Now, create corresponding weekly height values.

In [None]:
# done above

Get our function from a couple weeks ago to do our two sample t-test, and we will compare it to the built-in method from SciPy.

```
st.ttest_ind(sample_1,sample_2)
```

Perform both tests on the two different samples. For the SciPy method, rembember to replace 'sample_1' and 'sample_2' with the variables you created.

Just for fun, let's compare this value to a one-way ANOVA using just the two samples.

```
st.f_oneway(sample_1,sample_2)
```

Notice how the p-values are the same?  For two samples these methods are actually identical.  If we are doing the manual calculation it's a little easier to do the t-test, but if we wanted to do the algebra we could prove that they are actually calculating the same thing.

So why do we have ANOVA?  As we saw last week we will often want to look at more than two samples.  In this case, doing multiple t-tests will increase our liklihood of Type I error.  The methods are not equivelent when there are more than two samples.

## Comparing sunlight intensity

This factor has three levels, so we will have to perform an ANOVA to find our significance.  

Just like we did for daily and weekly, isolate the data for each of the three levels ("low", "med", and "high") and perform a one-way ANOVA on the height.



You can pass as many samples into the `f_oneway()` as needed.

```
st.f_oneway(sample_1, sample_2, sample_3)
```

### Basic two-way ANOVA

But what happens when we want to look at both factors?  Afterall it's reasonably to think that they could both have an effect.  

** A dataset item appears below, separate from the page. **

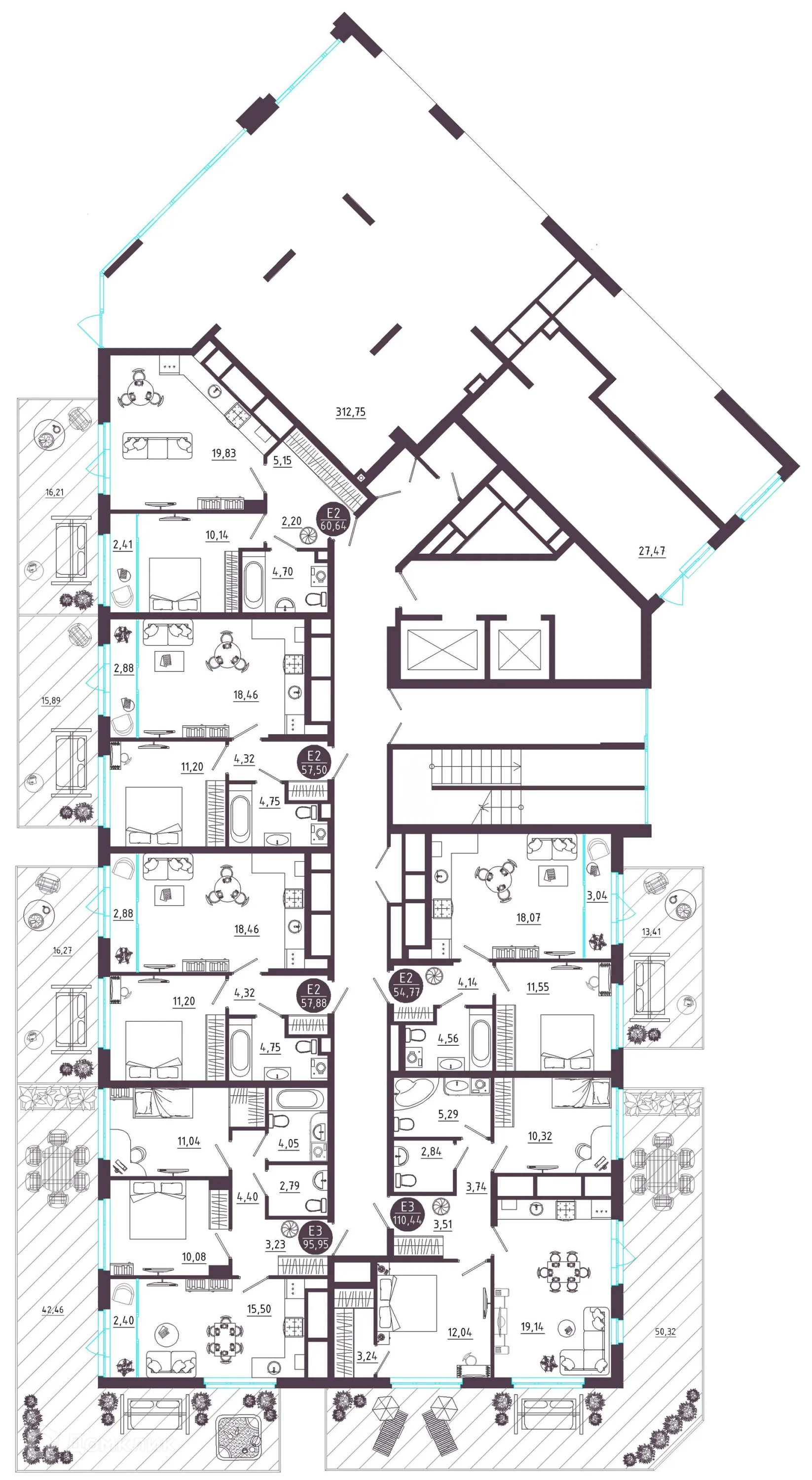 Планировка 2-комнатной квартиры 96.05 м² в ЖК Крылья, г. Рязань — фото 46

In this case we need a two-way ANOVA.  We are not going to dive into the math of the two-way ANOVA, but it basically works the same as the one way.  We are ultimately comparing in-group variance to between-group variance.

The syntax is a little weird.  Just go with it.

```
model = ols('height ~ C(water) + C(sun)', data=df).fit()
sm.stats.anova_lm(model, typ=2)
```

You can google the `anova_lm` function to read about the input.  Or if you search for "two-way ANOVA Python" you'll find a lot of articles.  ANOVA is one of the most widely used statistical techniques so it's well documented.

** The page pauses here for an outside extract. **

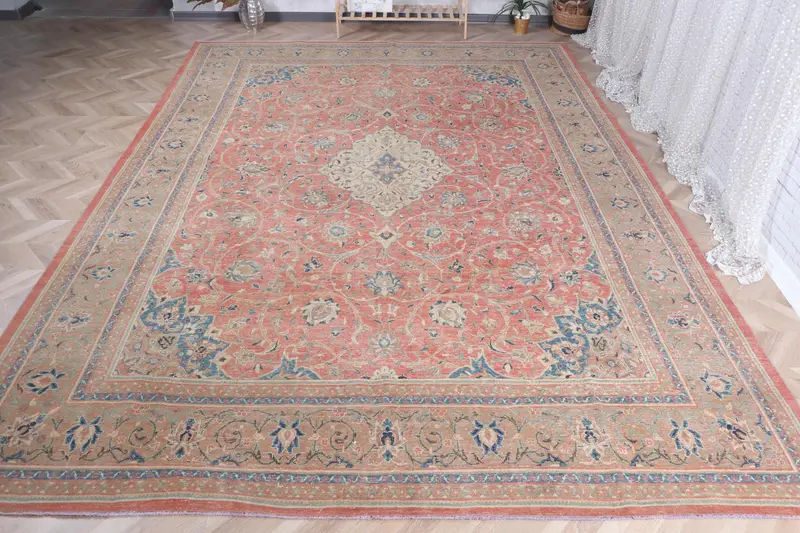 Alfombra hecha a mano en rojo y azul, 0,8x13,3 ft Geométrica Floral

### Two-way ANOVA with factor interaction

We just looked at the influence of both factors on the height, but what about the "factor interaction"?  What if the intense sunlight allows the plant to use more water, or if the daily watering schedule allowed the plant to more efficiently utilize the sunlight?  This would create a factor interact, where changing both of those variables together produced an outcome that was different than the effect of changing each one independently.

We basically use the same cyntax as before, but we add a term for water-sun interaction like this:

`model = ols('height ~ C(water) + C(sun) + C(water):C(sun)', data=df).fit()`
`sm.stats.anova_lm(model, typ=2)`


We can see that we do not get a significant p-value for the interaction, so we cannot conclude that there is likely to be an additional effect when we change the level of both factors.

## Post-hoc

The ANOVA we just performed told us that there was liekly to be a difference between our populations, but it did not tell us *which* populations were likely to be different.  For that we need to do a post-hoc test.

We will use a basic test called *Tukey's range test* which is also often called *Tukey's HSD (honestly signficant difference) test*.

In this case we're going to skip the math altogether.  Just try the analysis.

`tukey = pairwise_tukeyhsd(endog=df['height'],groups=df['sun'],alpha=0.05)`       

`print(tukey)`


Now try it for the watering schedule.